### ASSIGNMENT
The entries below contain pictures, which are to be left out; write out exactly, and only, the lines from the line with "342 NE 14th TER, Cape Coral, FL 33909" up to and including the line with "Puppy till Golden".

### SOURCE DATA
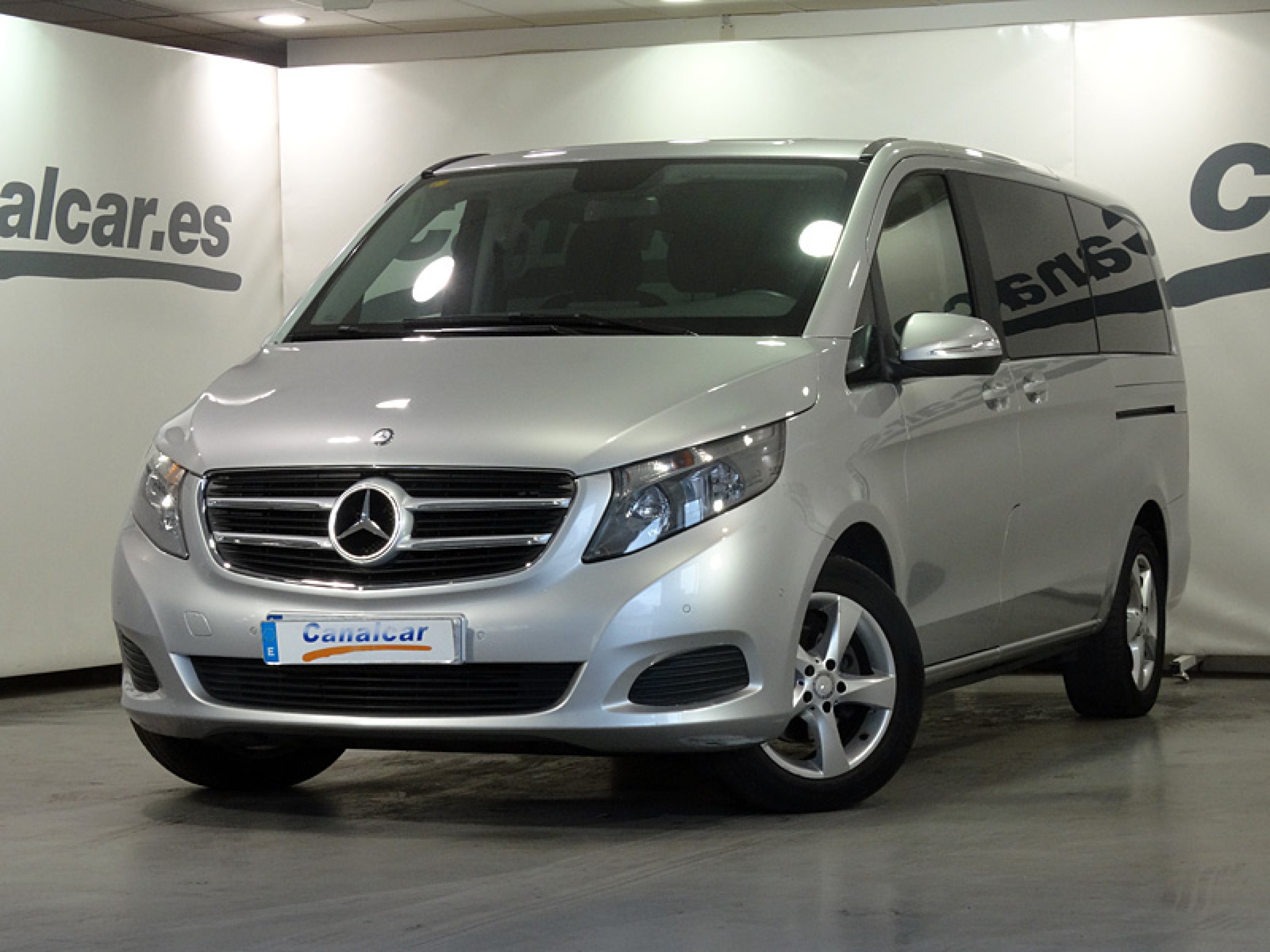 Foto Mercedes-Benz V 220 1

...

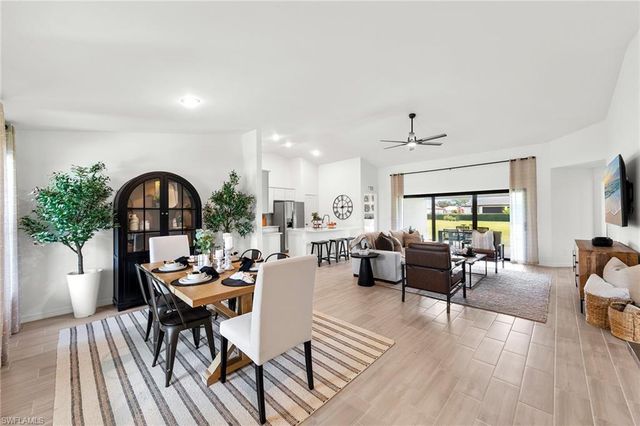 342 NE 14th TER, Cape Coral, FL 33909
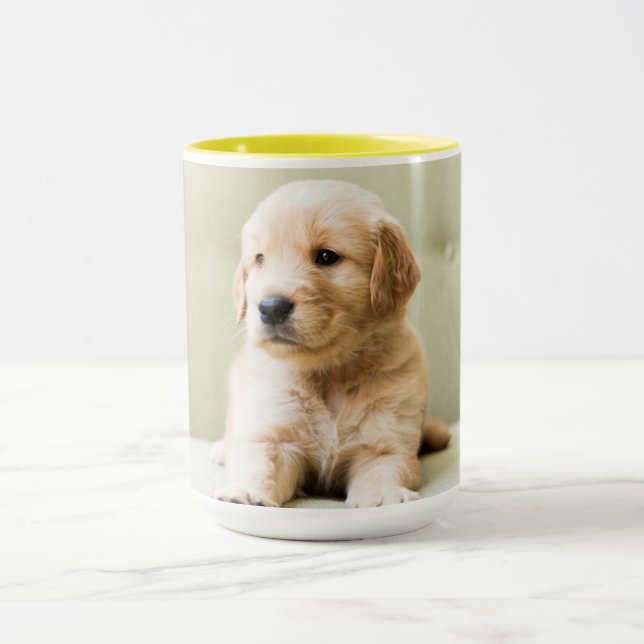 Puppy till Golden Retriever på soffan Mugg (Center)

### EXERCISE RESULT
 342 NE 14th TER, Cape Coral, FL 33909
 Puppy till Golden Retriever på soffan Mugg (Center)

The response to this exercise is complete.